- Born: April 28, 1965 (age 61) Shuzenji, Shizuoka, Japan
- Genres: Video game music, anison, classical music, electronic, instrumental
- Occupation: Composer
- Instrument: Keyboard
- Years active: 1990–present
- Labels: Epic Records Japan Sony Music
- Website: www.spacecraft.co.jp/saito/

= Tsuneyoshi Saito =

Tsuneyoshi Saito (斎藤 恒芳, Saitō Tsuneyoshi) is a Japanese composer and arranger for anime shows and video games. He composed the original music for the third Tenchi Muyo! film Tenchi Forever! The Movie, the feature anime film xxxHolic: A Midsummer Night's Dream, the Fafner anime series including the original anime series, its feature film Fafner: Heaven and Earth, and its 2014 sequel Fafner: Exodus He composed and arranged the soundtrack for the anime series Dennō Coil, Kamen Rider Kiva, and Idolmaster: Xenoglossia. In video games, he co-composed music for Professor Layton and the Eternal Diva, and co-arranged the music for Final Fantasy VI that appears on the album Final Fantasy VI Grand Finale.

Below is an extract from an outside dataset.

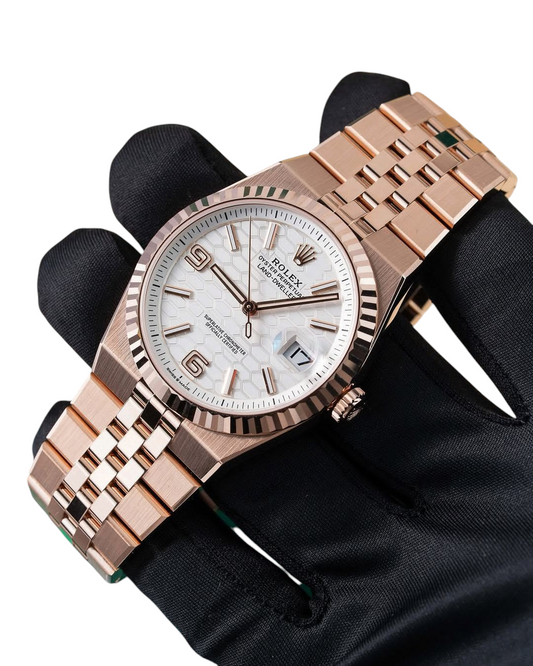 ACCHA TIME rose gold watch with a white honeycomb dial, fluted bezel, and jubilee bracelet on a gloved hand.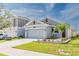Charming single-story home featuring a gray facade, well-maintained landscaping, and an attached two-car garage at 26271 Feathergrass Cir, Leesburg, FL 34748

In addition to anime and video game music, he was involved in a Japanese band called Kryzler & Kompany which formed while he was in college. He served as the keyboardist, with Taro Hakase on violin and Yoshinobu Takeshita on bass. Their first eponymous album was released in September 1990 and sold 74,000 copies. Their second, Kryzler And Company #, sold over 81,000 copies. Steve McClure of Billboard wrote that they have become "Japan's unlikeliest pop idols, attracting hordes of screaming fans, a far cry from the decorum and reserve usually shown by Japan's classical music audiences." One of the band's greatest claims to fame was providing the music for Celine Dion's single "To Love You More" which was recorded the theme song for the Japanese drama Koibito Yo (My Dear Lover). The song reached number one on Billboard Japan. The group produced 11 albums before going on hiatus as Hakase pursued a solo career. In February 2015, the group released a new album New World to commemorate their 25th anniversary.